“Neither is there salvation in any other: for there is none other name under heaven given among men, whereby we must be saved.” Acts 4:12 
 
Suggested Further Reading: Isaiah 12 
 
What
 a great word that word ‘salvation’ is! It includes the cleansing of our
 conscience from all past guilt, the delivery of our soul from all those
 propensities to evil which now so strongly predominate in us; it takes 
in, in fact, the undoing of all that Adam did. Salvation is the total 
restoration of man from his fallen estate; and yet it is something more 
than that, for God’s salvation fixes our standing more secure than it 
was before we fell. It finds us broken in pieces by the sin of our first
 parent, defiled, stained, accursed: it first heals our wounds, it 
removes our diseases, it takes away our curse, it puts our feet upon the
 rock Christ Jesus, and having thus done, at last it lifts our heads far
 above all principalities and powers, to be crowned for ever with Jesus 
Christ, the King of heaven. Some people, when they use the word 
‘salvation,’ understand nothing more by it than deliverance from hell 
and admittance into heaven. Now, that is not salvation: those two things
 are the effects of salvation. We are redeemed from hell because we are 
saved, and we enter heaven because we have been saved beforehand. Our 
everlasting state is the effect of salvation in this life. Salvation, it
 is true, includes all that, because salvation is the mother of it, and 
carries it within its bowels; but still it would be wrong for us to 
imagine that is the whole meaning of the word.
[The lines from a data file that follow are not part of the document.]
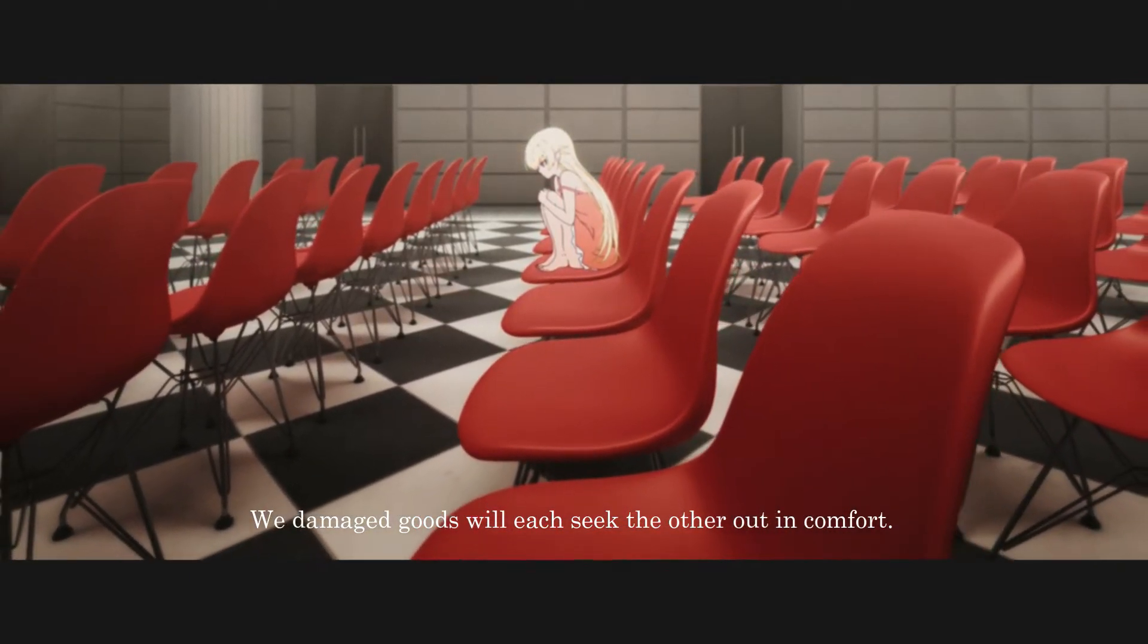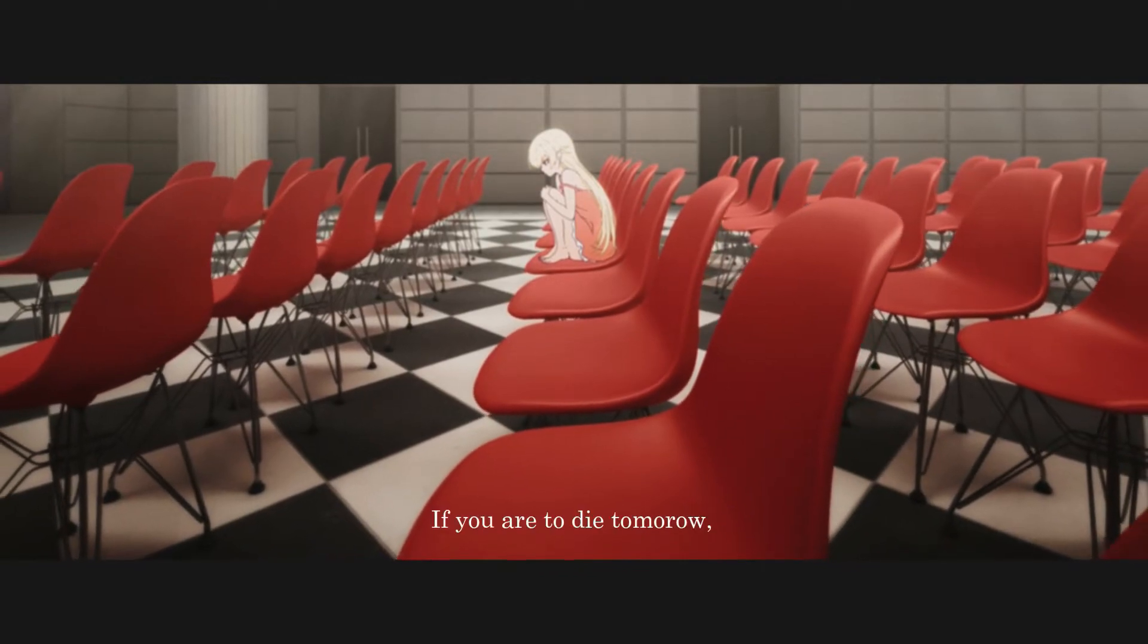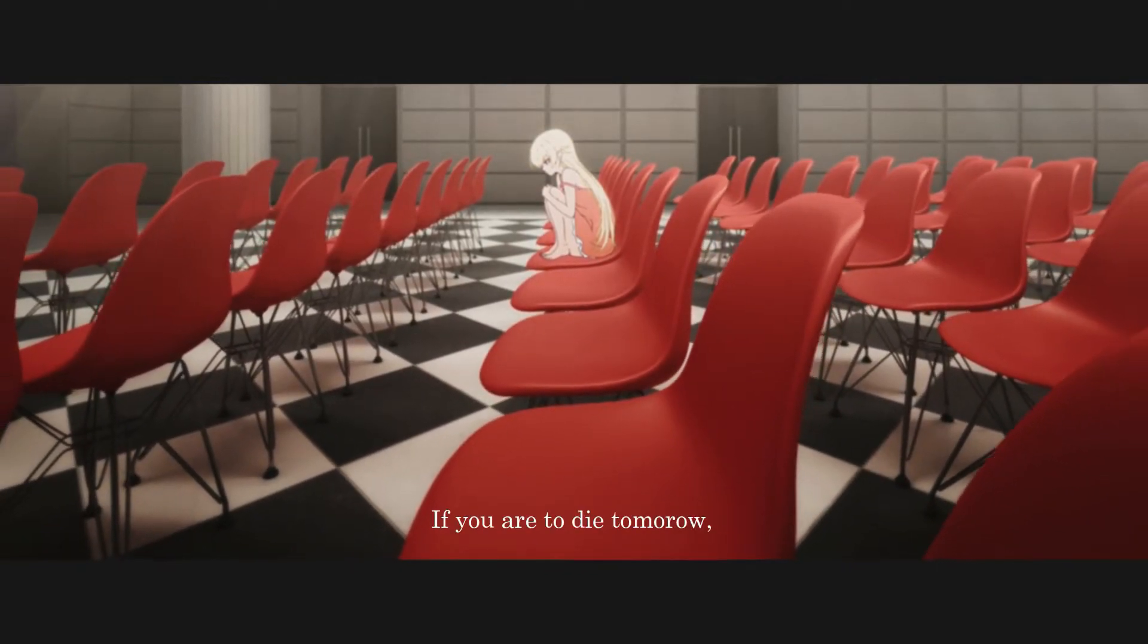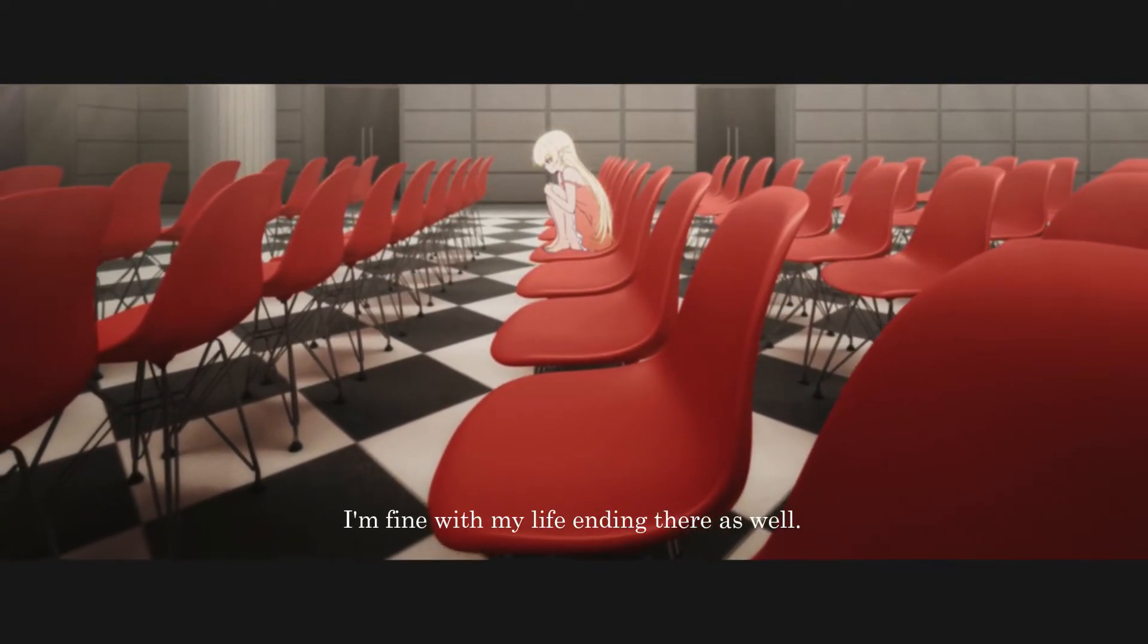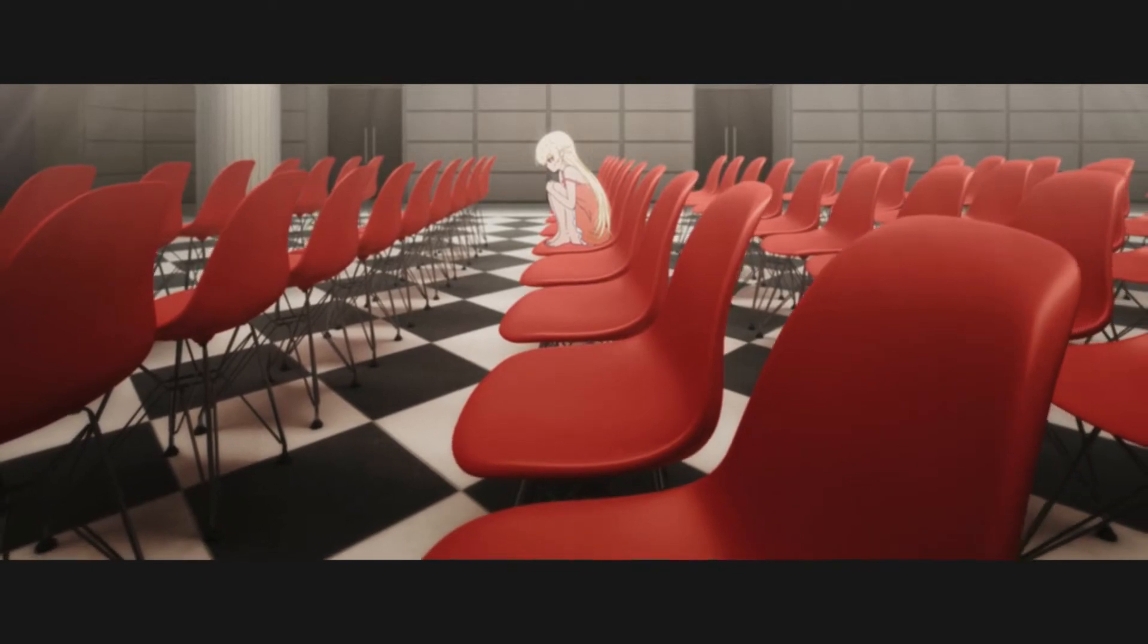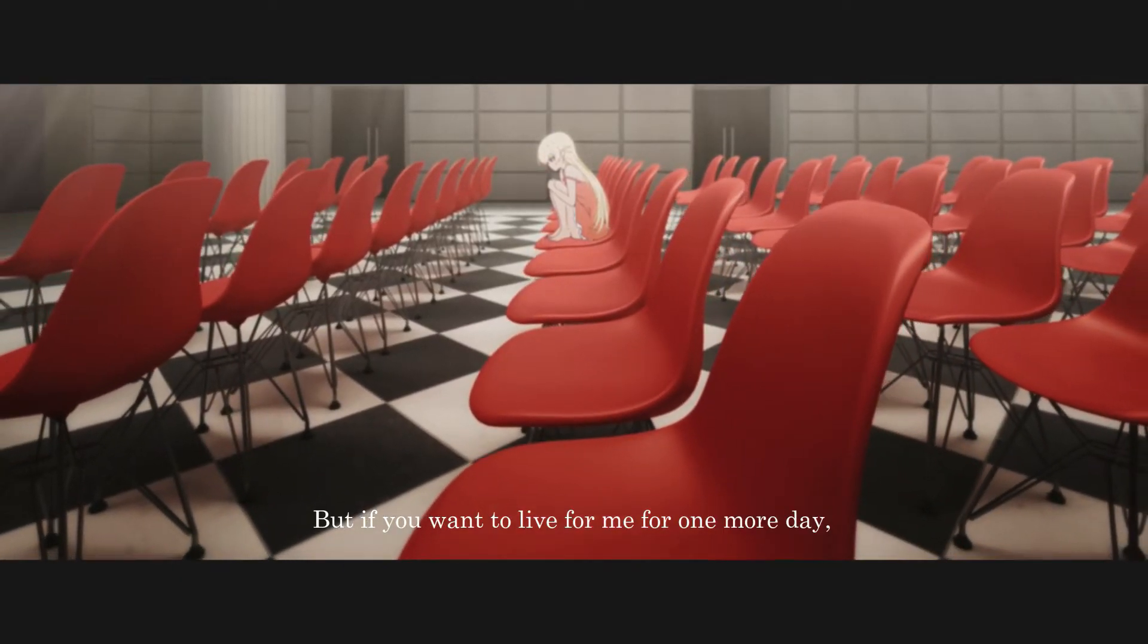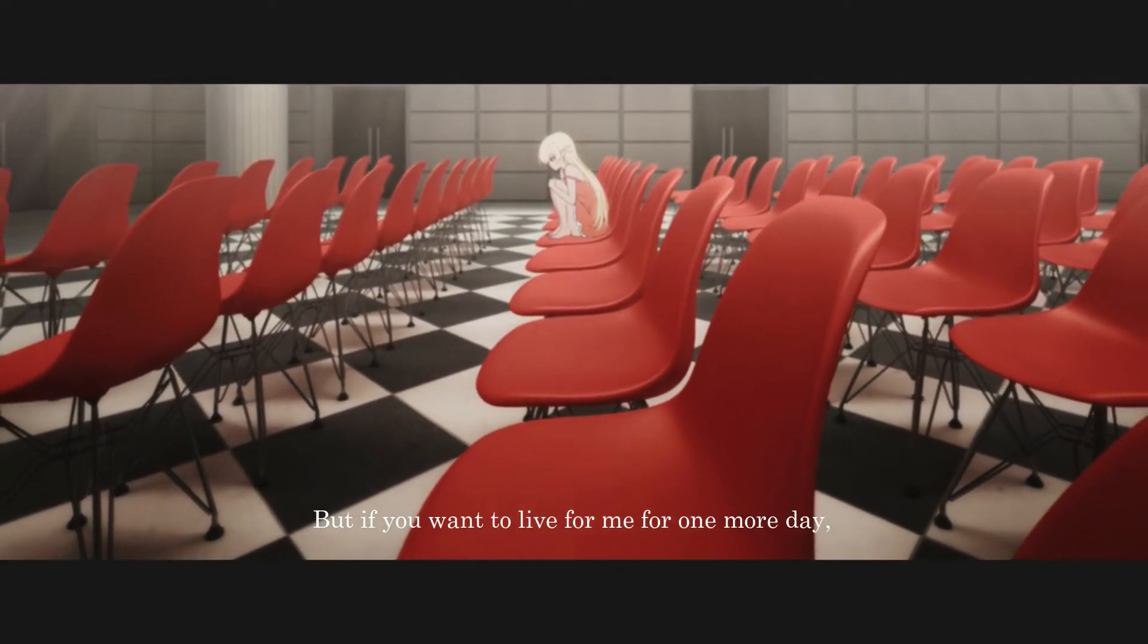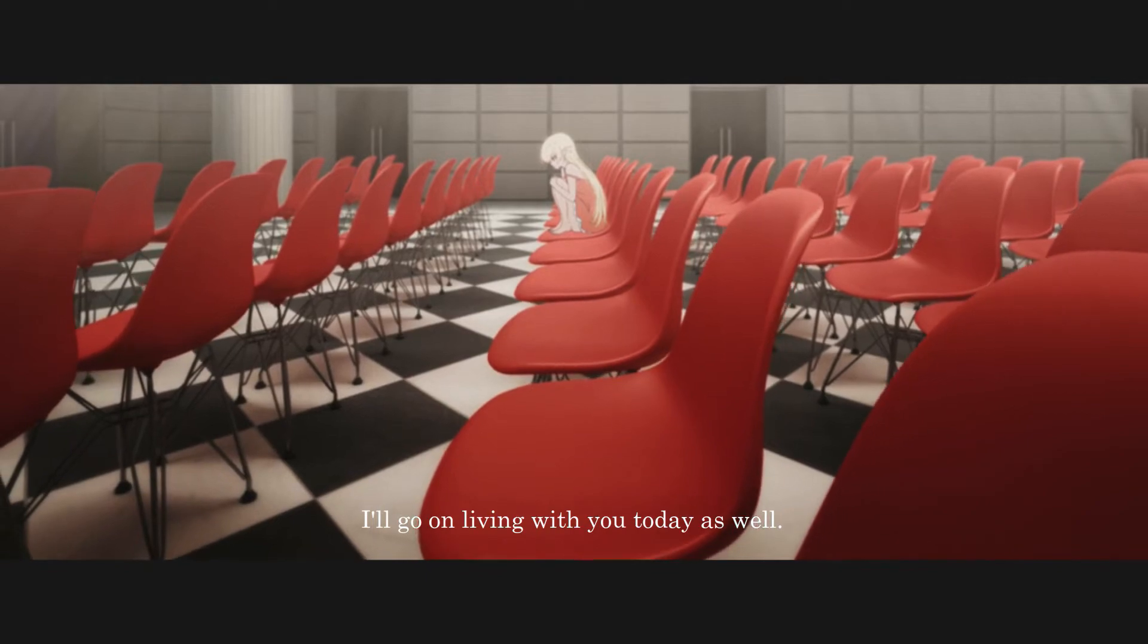If we've become wounded, we seek each other out. If you die tomorrow, my life only needs to last until tomorrow. If you are alive, I will be alive again.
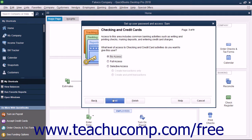In the Checking and Credit Cards screen, select the option that corresponds to the type of access to give the user to checking and credit cards in the company file, and click the Next button to continue.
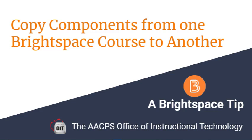How to copy course components from one Brightspace course to another. A Brightspace tip brought to you by the Anne Arundel County Public Schools Office of Instructional Technology.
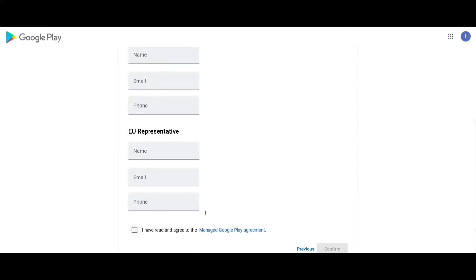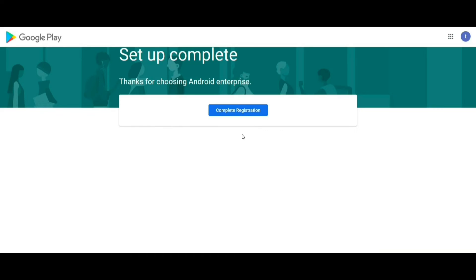Please provide the necessary information and carefully read and agree to the managed Google Play agreement. After accepting, click on Confirm. Click on Complete registration.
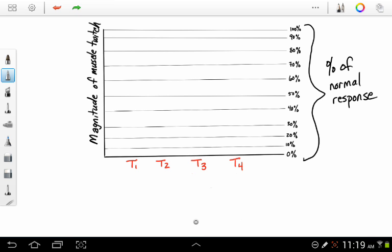If a patient does not have a neuromuscular blocker on board, such as vecuronium, rocuronium, or cisatracurium, you're going to hit that train of four monitor, and it's going to be four twitches separated by half a second, over two seconds.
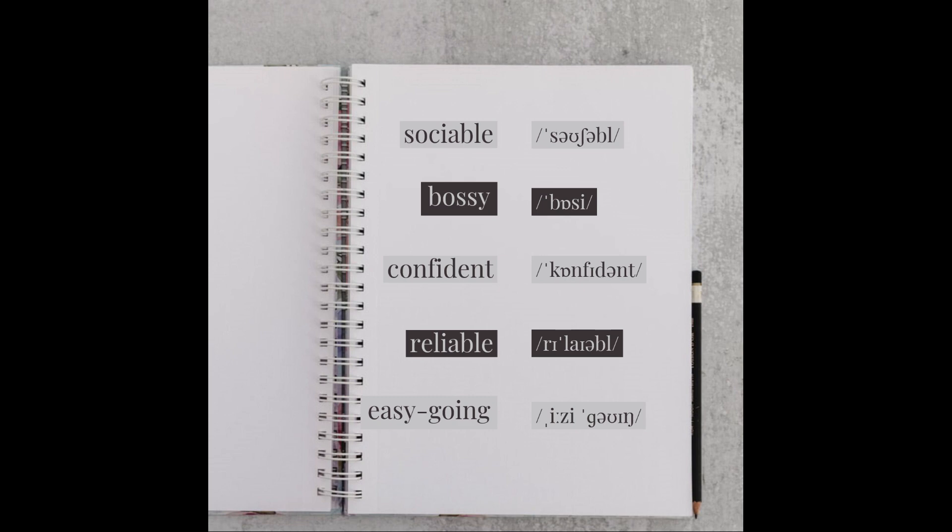Let's practice the pronunciation of some of these words. Please feel free to repeat after me. Easy going. Sociable. Bossy. Confident. Reliable. Easy going.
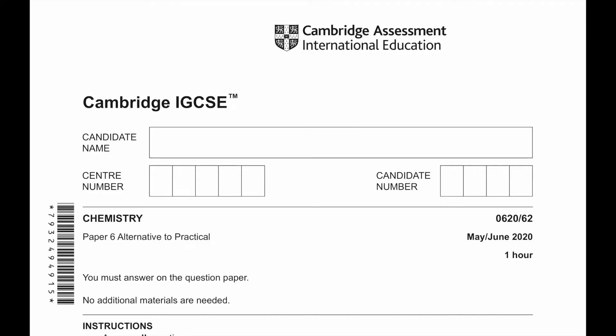Hello everyone. Welcome to another Cambridge IGCSE Chemistry Paper 6 Alternative to Practical May June 2020, 0620 Paper 62 Question Paper 6 solving video.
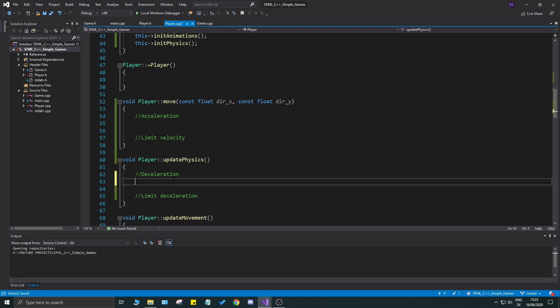Let's start with deceleration since it's pretty easy. We're in a platformer, so we're decelerating in both X and Y. We'll decelerate both, then add a constant gravity which will keep the player moving down. The deceleration still affects Y, but gravity will be stronger, keeping the player moving down. For jumping, we just add an upward acceleration and deceleration takes care of the rest on its own.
Salvation begins with us 
as wandering sheep, it follows us through all our confused wanderings; 
it puts us on the shoulders of the shepherd; it carries us into the 
fold; it calls together the friends and the neighbours; it rejoices over
 us; it preserves us in that fold through life; and then at last it 
brings us to the green pastures of heaven, beside the still waters of 
bliss, where we lie down for ever, in the presence of the Chief 
Shepherd, never more to be disturbed. 
 
For meditation: Past 
salvation from sin’s penalty (justification): present salvation from 
sin’s power (sanctification): prospective salvation from sin’s presence 
(glorification)—what a great salvation (Hebrews 2:3). Don’t miss it.